XVIII

Chegaram por este tempo, vindos das terras de Basto a Requião, os tão almejados missionarios, interrompidos no seu esteril apostolado pela revolução da Maria da Fonte. Martha ouviu a noticia com alvoroço, e disse que queria seguir os sermões,—que precisava de salvar a sua alma. O Feliciano viera um pouco estragado de Pernambuco a respeito de religião; mas respeitava as crenças alheias, e não contrariava as devoções da sobrinha. O padre Roque era de parecer que se não deixasse Martha entrar muito pela mystica; aconselhava o marido que fosse viajar com a mulher, que a tirasse d'aquella terra, porque as suas enfermidades não podiam cural-as os sermões nem as hostias. O egresso conhecia a Pharmacia do varatojano de Borba da Montanha, e sabia que a primeira receita de frei João era exorcismal-a como demoniaca.

—Dão cabo d'ella, vocês verão, dão cabo d'ella—dizia o padre-mestre.

Eram quatro os missionarios que assentaram o vestibulo do paraizo em Requião.

O padre José da Fraga ainda novo, bem composto e limpo nas suas vestes sacerdotaes, grave e semblante intelligente. Tinha-se ordenado em Brancanes com o proposito de ir propagar o christianismo na China; depois, interesses e rogos de familia determinaram-o a ficar na patria, sem abrir mão da vocação apostolica. Lêra e percebêra Raulica, Lacordaire, e imitava o segundo com bastante engenho.
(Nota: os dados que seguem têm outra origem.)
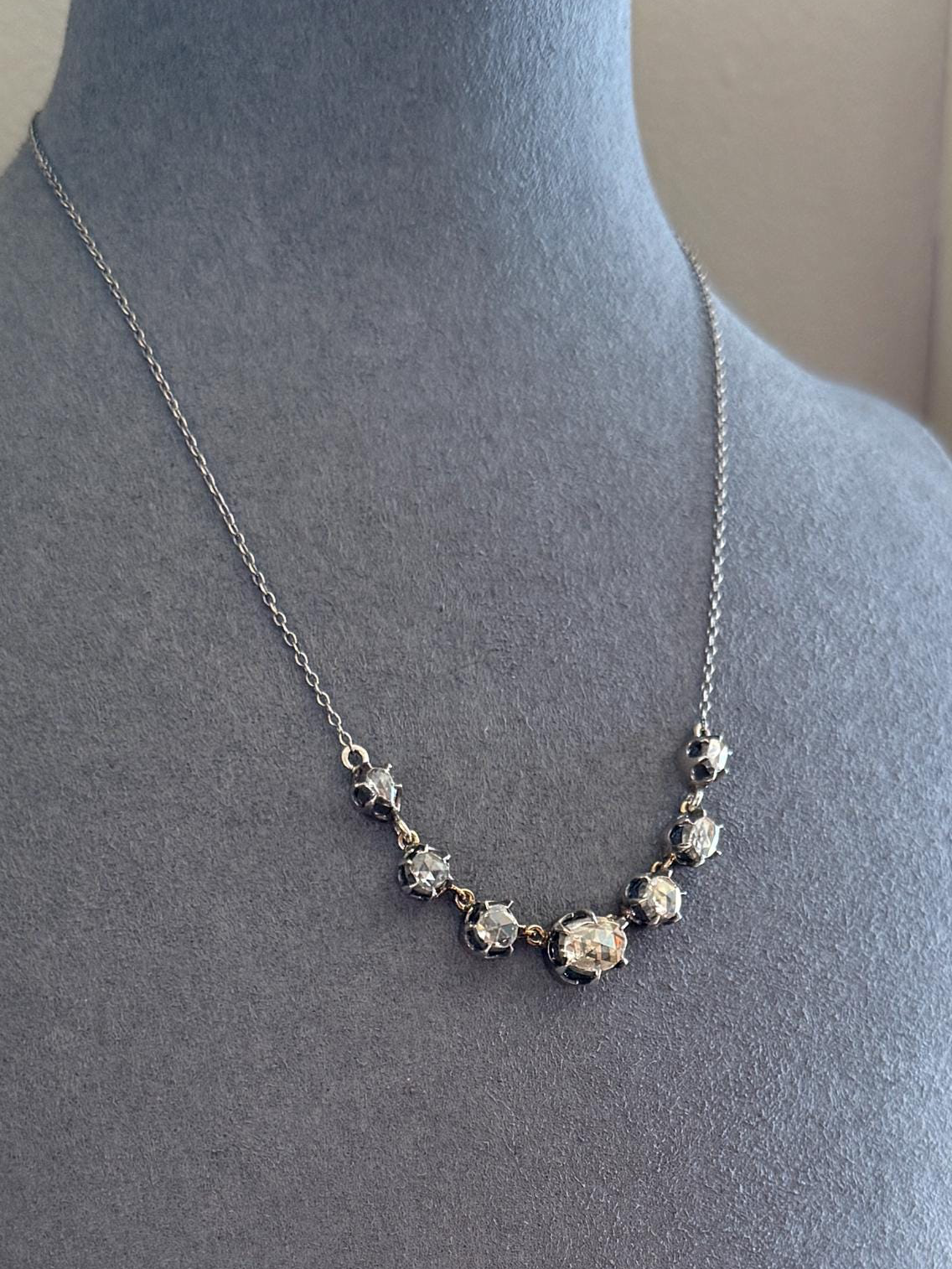 GEORGIAN French Antique 3 Carat Rose Cut DIAMOND Seven Stone Necklace Chain 18k Gold Silver Collet Open Back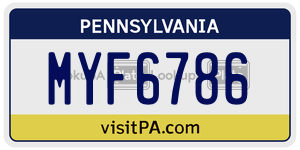 MYF6786 license plate in Pennsylvania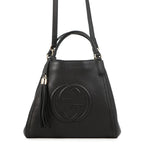 Gucci Handbag Soho Interlocking Leather Bag Black
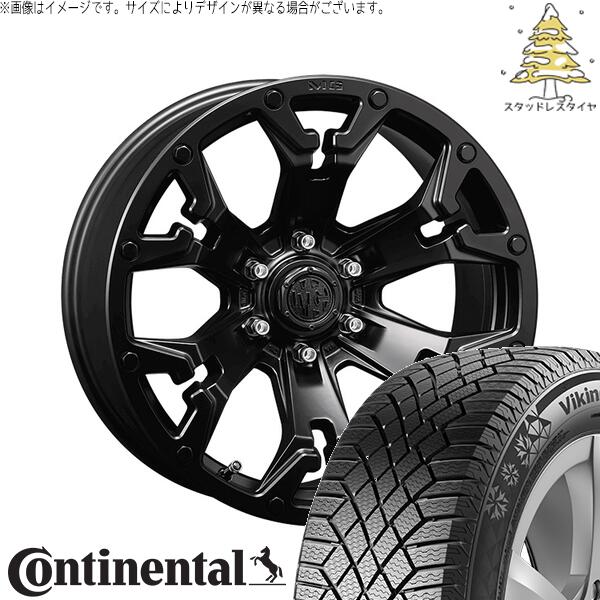 トライトン 265/70R17 スタッドレスタイヤ ホイール 4本セット 新品 | コンチネンタル (CONTINENTAL) バイキングコンタクト セブン (VikingContact7) × クリムソン (CRIMSON) マーテルギア ゴーレム マットブラック 17インチ 8J +20 6穴139.7|タイヤショップ オールテレーン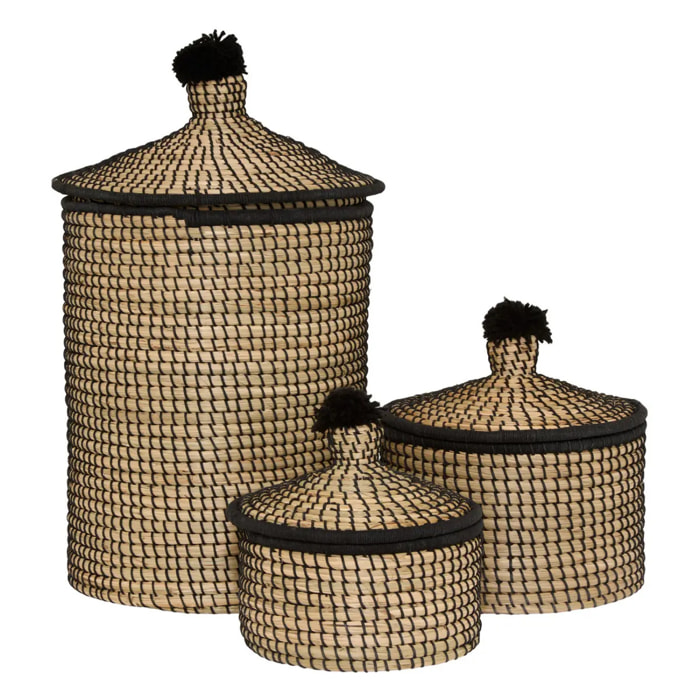 Lot de 3 paniers Nyero rond beige et noir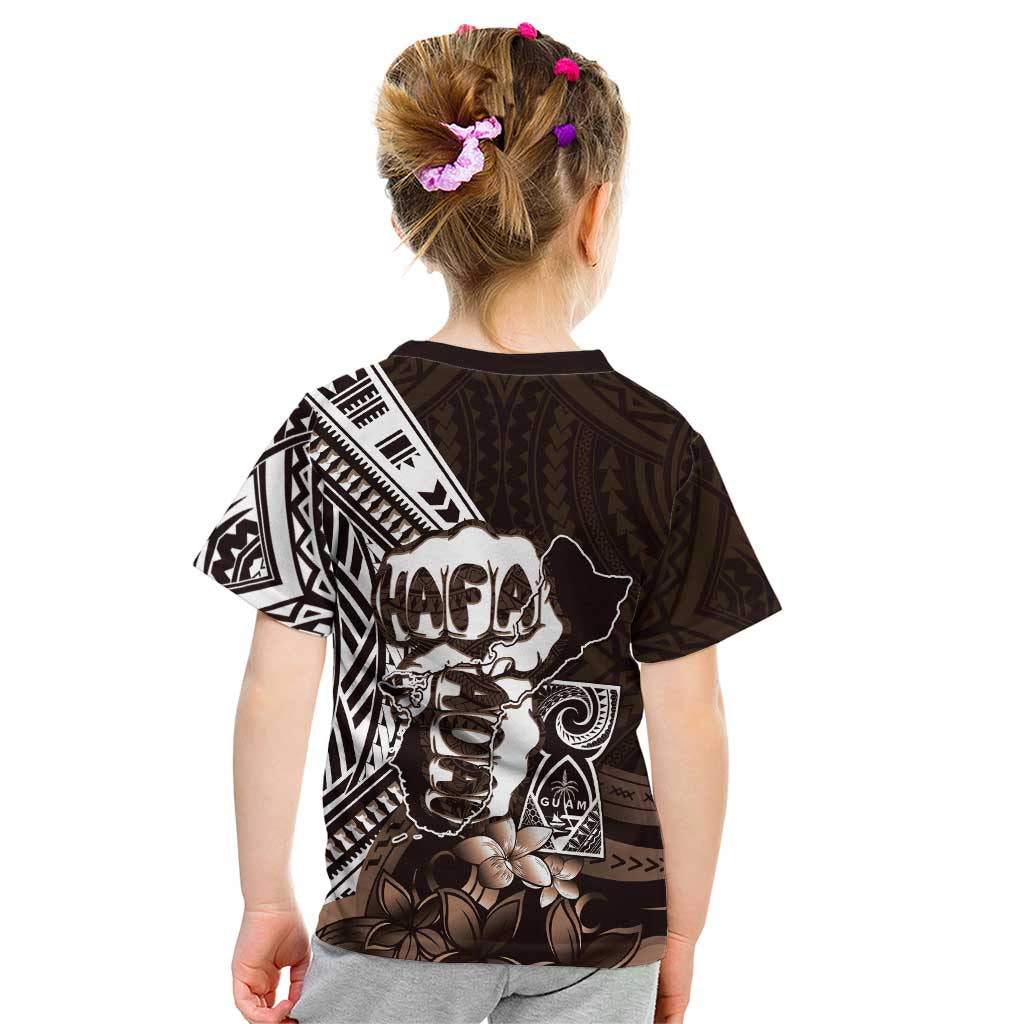 Hafa Adai Guam Discovery Day Kid T Shirt Chamorro Latte Stone Hand Brown Version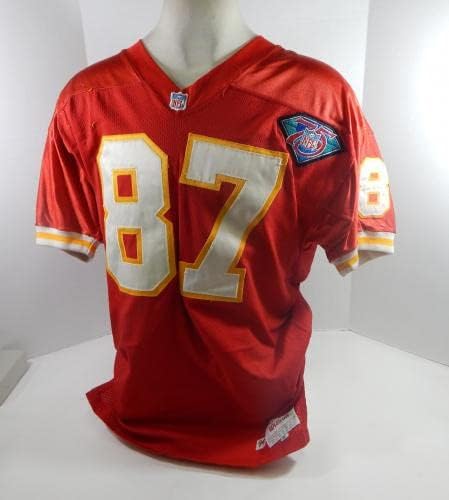1994 Kansas City Chiefs Tracy Greene 87 Oyun Kullanılmış Kırmızı Forma 75. Yama 46 27-İmzasız NFL Oyun Kullanılmış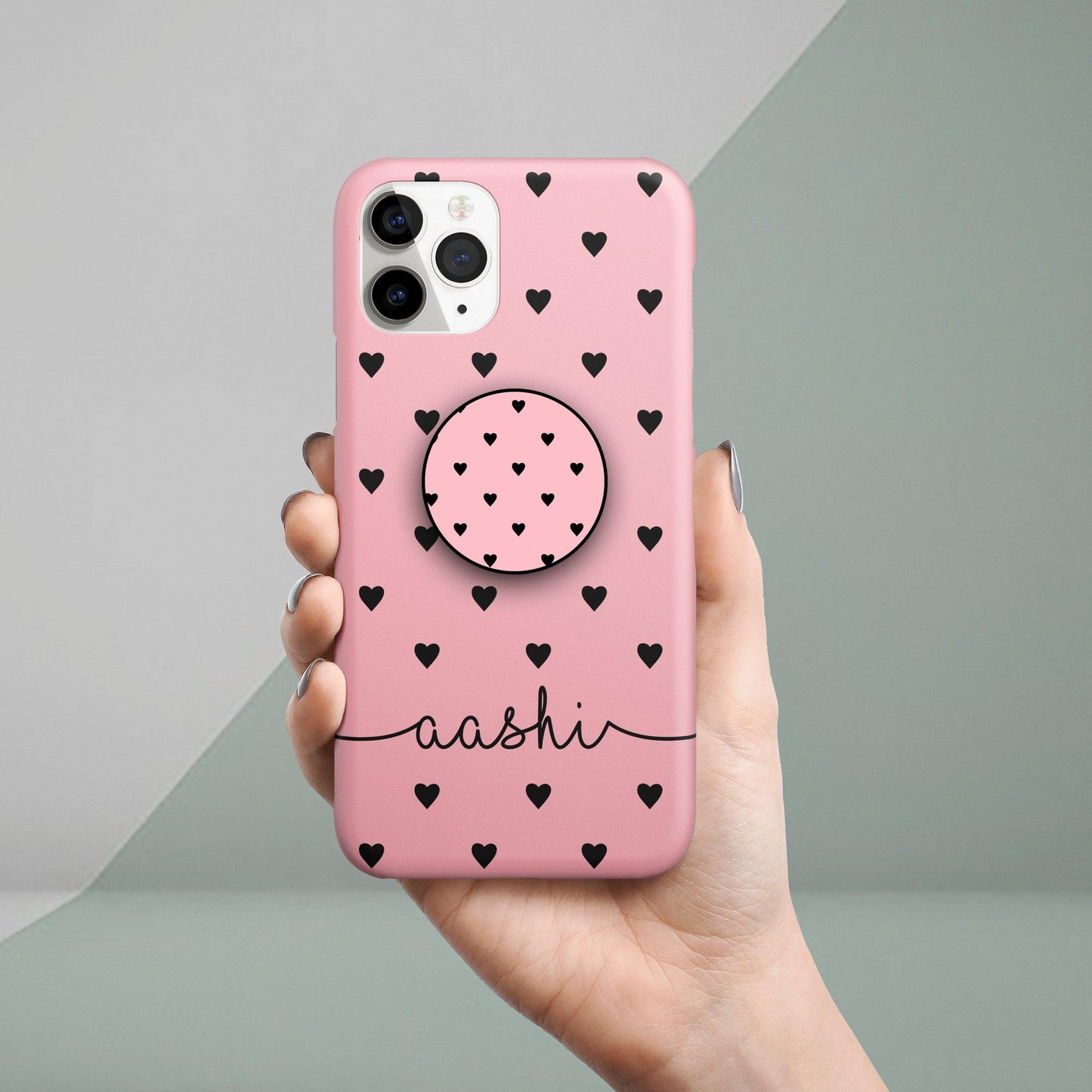 Heart Pattern Print Hard Matte Phone Case With Customized Name ShopOnCliQ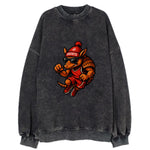 Houston Armadillo wearing Rockets red and silver beanie with rocket ship and - Vintage Sweatshirt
O padre Osorio dizia-lhe que guardasse as suas perolas para outro auditorio menos suino. E, de feito, as mulheres, quando de madrugada o viam no pulpito, aconchegavam-se umas das outras para commodamente tosquenejarem o seu somno da manhã; e os homens diziam que não o chamava Deus por aquelle caminho—que não calhava p'r'á prédega.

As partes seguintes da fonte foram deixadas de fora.